◆ EXERCISE OBJECTIVE ◆
Could you transcribe exactly the lines from the one containing "this 400×270 image." through the last line of the records below, leaving out the pictures?

◆ SUPPLIED INFORMATION ◆

*-*-*

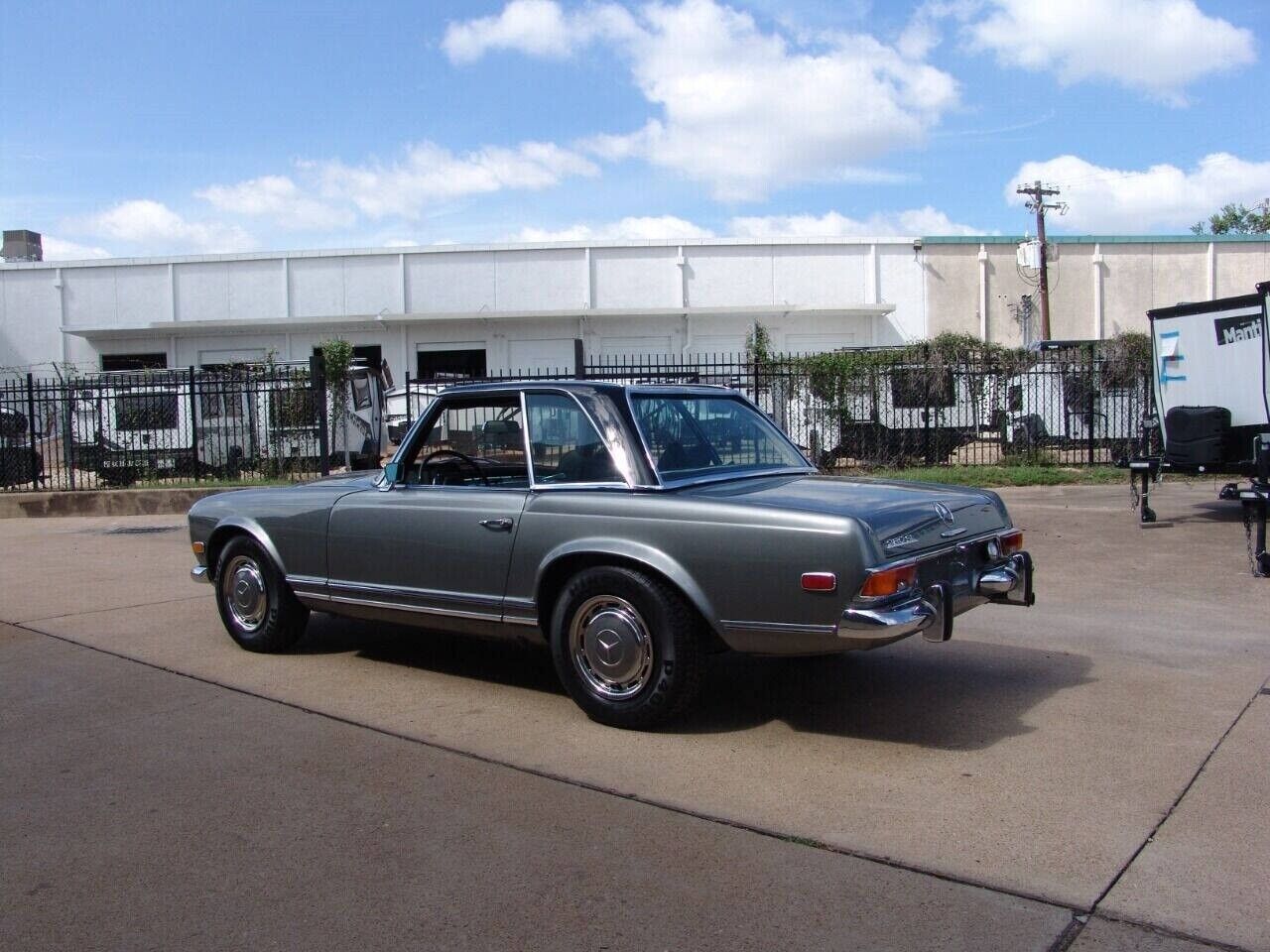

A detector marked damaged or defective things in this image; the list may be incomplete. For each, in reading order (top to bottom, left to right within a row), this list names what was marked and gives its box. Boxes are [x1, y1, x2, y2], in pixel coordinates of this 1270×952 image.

pavement crack [1086, 685, 1264, 918]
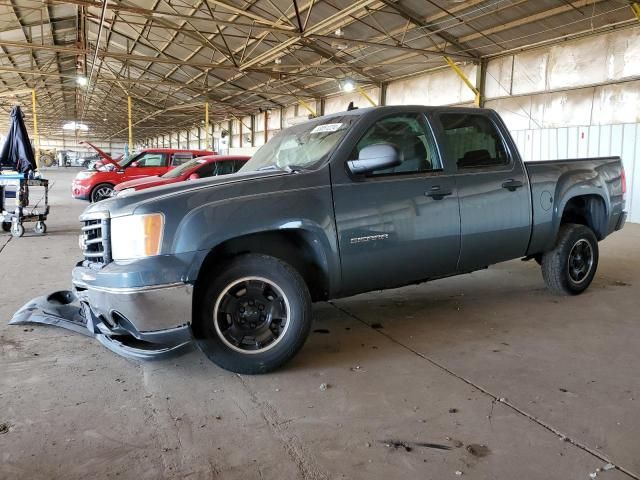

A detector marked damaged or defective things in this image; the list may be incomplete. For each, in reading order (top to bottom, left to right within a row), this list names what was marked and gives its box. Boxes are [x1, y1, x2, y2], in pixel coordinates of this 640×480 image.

damaged front bumper [10, 282, 192, 360]
detached bumper part on ground [11, 284, 191, 358]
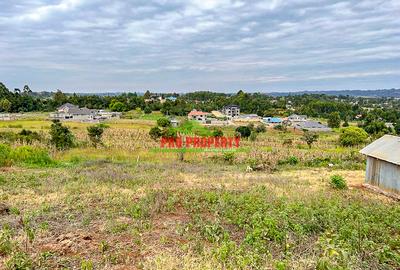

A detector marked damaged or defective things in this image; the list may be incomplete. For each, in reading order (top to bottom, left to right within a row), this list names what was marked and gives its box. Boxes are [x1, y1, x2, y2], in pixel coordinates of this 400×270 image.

rusty metal roof [360, 134, 400, 165]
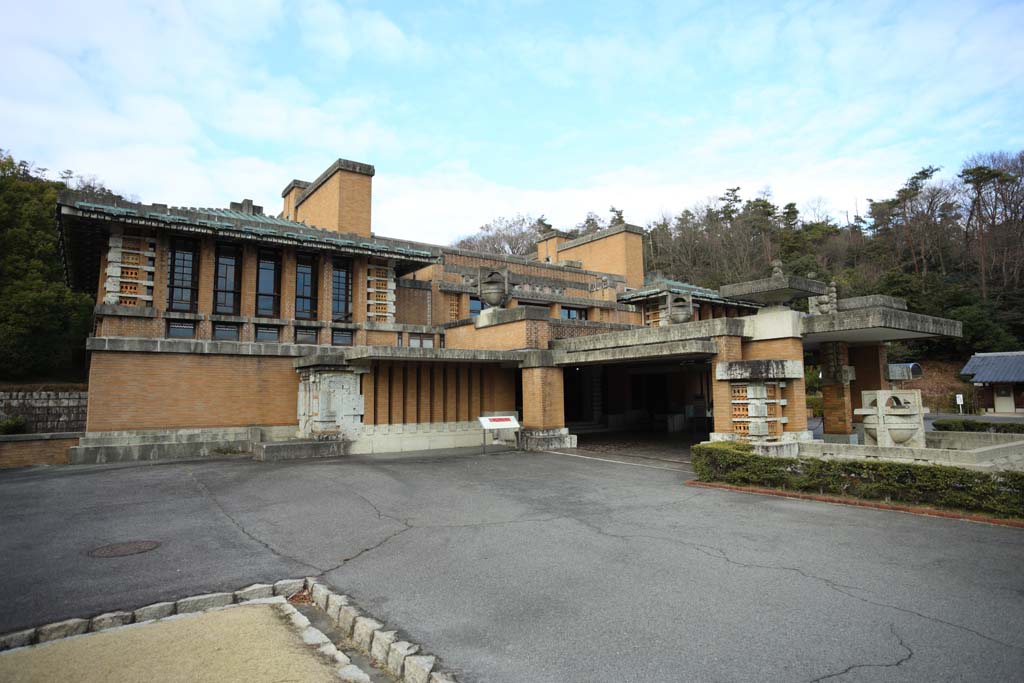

*-*-*

◆ OUTPUT ◆
A detector marked damaged or defective things in this image; the list may be incomplete. For each, in reading order (top to bottom, left to right within a row), this list names what was marked and gives its box. Boxes are [x1, y1, x2, y2], in pixel coordinates of this 400×270 image.

rusty metal roof [360, 134, 400, 165]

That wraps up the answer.